Menos protestas, más respuestas
En su gestión en Gobernación, las protestas y manifestaciones cayeron cerca de 67% respecto al inicio de la administración —no como silencio impuesto, sino acompañado de mesas de diálogo y mayor autonomía presupuestal para once comunidades indígenas que pasaron a decidir directamente sobre recursos. En la Fiscalía, el cambio fue radical: de escuchar a investigar. Entre julio de 2025 y mayo de 2026, se cumplimentaron 477 mandamientos judiciales sin detenido previo —un salto del 125% frente al periodo anterior.

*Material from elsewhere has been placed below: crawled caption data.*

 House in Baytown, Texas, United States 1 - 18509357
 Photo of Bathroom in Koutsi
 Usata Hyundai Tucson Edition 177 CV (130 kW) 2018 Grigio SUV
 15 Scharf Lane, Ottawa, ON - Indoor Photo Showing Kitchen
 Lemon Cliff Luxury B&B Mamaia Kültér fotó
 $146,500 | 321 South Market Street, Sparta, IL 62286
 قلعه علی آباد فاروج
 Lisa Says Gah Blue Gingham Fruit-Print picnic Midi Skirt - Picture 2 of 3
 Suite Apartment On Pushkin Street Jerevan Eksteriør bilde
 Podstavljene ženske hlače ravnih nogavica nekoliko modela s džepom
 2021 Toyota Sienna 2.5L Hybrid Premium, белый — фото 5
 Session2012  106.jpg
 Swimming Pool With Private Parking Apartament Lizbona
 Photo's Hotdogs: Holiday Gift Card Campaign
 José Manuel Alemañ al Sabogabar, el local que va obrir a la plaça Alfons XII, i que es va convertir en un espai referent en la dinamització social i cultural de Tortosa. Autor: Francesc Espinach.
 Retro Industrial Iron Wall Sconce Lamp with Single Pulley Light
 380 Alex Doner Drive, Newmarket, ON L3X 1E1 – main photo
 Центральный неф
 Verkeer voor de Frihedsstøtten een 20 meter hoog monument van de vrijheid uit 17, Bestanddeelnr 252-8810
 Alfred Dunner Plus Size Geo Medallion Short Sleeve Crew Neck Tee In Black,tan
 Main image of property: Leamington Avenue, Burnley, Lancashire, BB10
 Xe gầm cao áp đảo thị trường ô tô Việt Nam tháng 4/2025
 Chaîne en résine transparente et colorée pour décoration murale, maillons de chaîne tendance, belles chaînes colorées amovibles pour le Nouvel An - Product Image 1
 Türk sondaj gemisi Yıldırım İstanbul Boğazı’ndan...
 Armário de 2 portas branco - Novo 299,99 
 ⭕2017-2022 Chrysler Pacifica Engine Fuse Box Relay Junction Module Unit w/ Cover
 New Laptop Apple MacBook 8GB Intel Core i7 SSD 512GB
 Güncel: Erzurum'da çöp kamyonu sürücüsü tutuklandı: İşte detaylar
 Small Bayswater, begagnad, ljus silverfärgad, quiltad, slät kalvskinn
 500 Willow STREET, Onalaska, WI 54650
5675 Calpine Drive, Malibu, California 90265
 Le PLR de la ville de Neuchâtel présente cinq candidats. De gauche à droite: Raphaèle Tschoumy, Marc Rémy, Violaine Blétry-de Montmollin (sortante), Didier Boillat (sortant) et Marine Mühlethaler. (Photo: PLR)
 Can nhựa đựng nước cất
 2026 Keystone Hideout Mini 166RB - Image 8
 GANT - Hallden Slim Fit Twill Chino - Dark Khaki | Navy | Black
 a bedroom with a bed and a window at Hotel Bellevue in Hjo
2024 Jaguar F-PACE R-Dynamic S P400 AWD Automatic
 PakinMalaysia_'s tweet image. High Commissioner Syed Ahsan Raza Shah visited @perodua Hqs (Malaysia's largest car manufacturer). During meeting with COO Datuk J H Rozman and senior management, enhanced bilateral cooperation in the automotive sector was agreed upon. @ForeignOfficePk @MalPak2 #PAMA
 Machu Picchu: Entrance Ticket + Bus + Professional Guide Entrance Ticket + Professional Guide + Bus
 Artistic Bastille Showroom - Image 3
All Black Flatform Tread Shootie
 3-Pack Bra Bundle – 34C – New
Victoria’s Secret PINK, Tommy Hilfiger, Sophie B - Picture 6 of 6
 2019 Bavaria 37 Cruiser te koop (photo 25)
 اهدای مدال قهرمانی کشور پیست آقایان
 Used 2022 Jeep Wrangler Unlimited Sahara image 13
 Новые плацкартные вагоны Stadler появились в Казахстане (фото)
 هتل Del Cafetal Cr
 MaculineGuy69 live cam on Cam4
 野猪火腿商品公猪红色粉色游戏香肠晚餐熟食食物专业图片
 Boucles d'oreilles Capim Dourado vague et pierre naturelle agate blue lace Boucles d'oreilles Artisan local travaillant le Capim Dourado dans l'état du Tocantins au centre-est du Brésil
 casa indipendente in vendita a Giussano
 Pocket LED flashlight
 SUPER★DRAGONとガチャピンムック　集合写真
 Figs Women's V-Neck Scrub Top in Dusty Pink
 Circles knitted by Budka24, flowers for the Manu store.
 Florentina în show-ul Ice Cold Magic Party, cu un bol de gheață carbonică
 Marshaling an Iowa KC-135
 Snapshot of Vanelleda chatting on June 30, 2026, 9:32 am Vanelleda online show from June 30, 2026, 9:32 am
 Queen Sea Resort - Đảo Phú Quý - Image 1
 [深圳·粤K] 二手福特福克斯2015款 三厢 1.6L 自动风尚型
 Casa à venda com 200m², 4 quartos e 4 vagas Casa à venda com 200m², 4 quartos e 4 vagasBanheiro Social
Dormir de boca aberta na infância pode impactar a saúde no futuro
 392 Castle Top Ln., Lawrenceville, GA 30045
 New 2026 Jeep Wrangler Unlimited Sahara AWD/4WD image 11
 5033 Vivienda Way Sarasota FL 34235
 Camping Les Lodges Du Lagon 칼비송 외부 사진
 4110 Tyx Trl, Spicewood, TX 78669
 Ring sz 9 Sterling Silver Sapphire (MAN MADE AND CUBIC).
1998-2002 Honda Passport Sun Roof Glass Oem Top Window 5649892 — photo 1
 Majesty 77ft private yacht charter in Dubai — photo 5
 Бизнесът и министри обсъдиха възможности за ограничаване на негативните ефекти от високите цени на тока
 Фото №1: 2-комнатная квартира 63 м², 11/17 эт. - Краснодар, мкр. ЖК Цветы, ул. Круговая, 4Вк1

Pero lo más significativo no es solo capturar, sino restituir: la reparación del daño creció casi un 94%. Y aunque la impunidad sigue siendo alta (67.68%), estar más de veinte puntos abajo de la media nacional (89.42%) muestra un avance relativo tangible para quienes esperan justicia.
Estos números no cuentan una historia perfecta —Michoacán sigue con conflictos y deudas pendientes—, pero sí evidencian transformaciones medibles en la vida de las personas: menos calles bloqueadas, más expedientes resueltos, más patrimonio recuperado, más respuestas jurídicas concretas.